I want to create a csv from an existing csv, by splitting its rows.
Input csv:
A,R,T,11,12,13,14,15,21,22,23,24,25
Output csv:
A,R,T,11,12,13,14,15
A,R,T,21,22,23,24,25
So far my code looks like:
def update_csv(name):
#load csv file
file_ = open(name, 'rb')
#init first values
current_a = ""
current_r = ""
current_first_time = ""
file_content = csv.reader(file_)
#LOOP
for row in file_content:
current_a = row[0]
current_r = row[1]
current_first_time = row[2]
i = 2
#Write row to new csv
with open("updated_"+name, 'wb') as f:
writer = csv.writer(f)
writer.writerow((current_a,
current_r,
current_first_time,
",".join((row[x] for x in range(i+1,i+5)))
))
#do only one row, for debug purposes
return
But the row contains double quotes that I can't get rid of:
A002,R051,02-00-00,"05-21-11,00:00:00,REGULAR,003169391"
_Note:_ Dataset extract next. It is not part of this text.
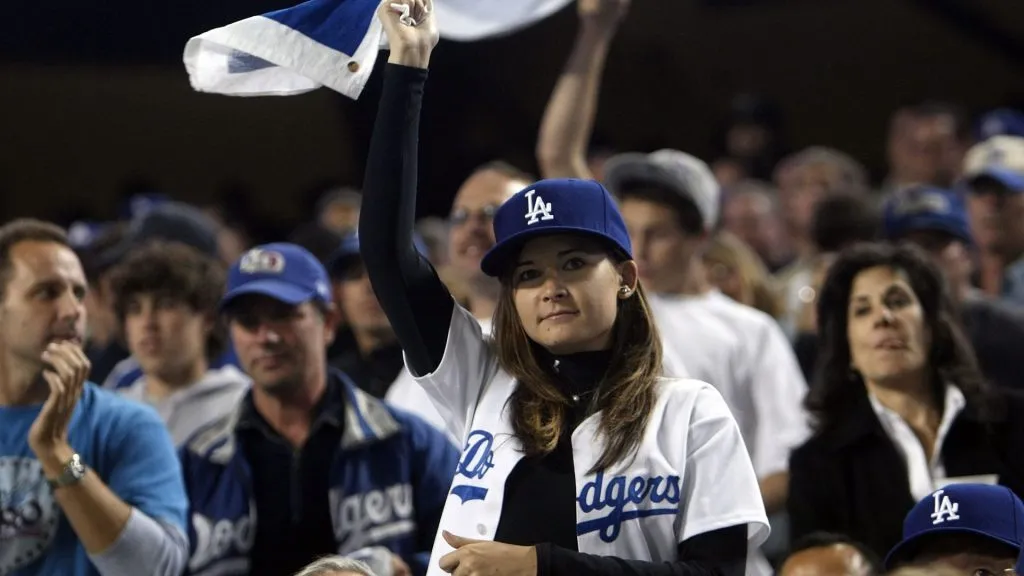 Los Angeles Dodgers fans (Source: Stephen Dunn/Getty Images)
I've tried to use writer = csv.writer(f,quoting=csv.QUOTE_NONE) and got a _csv.Error: need to escape, but no escapechar set.
What is the correct approach to delete those quotes?
I think you could simplify the logic to split each row into two using something along these lines:
def update_csv(name):
with open(name, 'rb') as file_:
with open("updated_"+name, 'wb') as f:
writer = csv.writer(f)
# read one row from input csv
for row in csv.reader(file_):
# write 2 rows to new csv
writer.writerow(row[:8])
writer.writerow(row[:3] + row[8:])
writer.writerow is expecting an iterable such that it can write each item within the iterable as one item, separate by the appropriate delimiter, into the file. So:
writer.writerow([1, 2, 3])
would write "1,2,3\n" to the file.
Your call provides it with an iterable, one of whose items is a string that already contains the delimiter. It therefore needs some way to either escape the delimiter or a way to quote out that item. For example,
write.writerow([1, '2,3'])
Doesn't just give "1,2,3\n", but e.g. '1,"2,3"\n' - the string counts as one item in the output.
Therefore if you want to not have quotes in the output, you need to provide an escape character (e.g. '/') to mark the delimiters that shouldn't be counted as such (giving something like "1,2/,3\n").
However, I think what you actually want to do is include all of those elements as separate items. Don't ",".join(...) them yourself, try:
writer.writerow((current_a, current_r,
current_first_time, *row[i+2:i+5]))
to provide the relevant items from row as separate items in the tuple.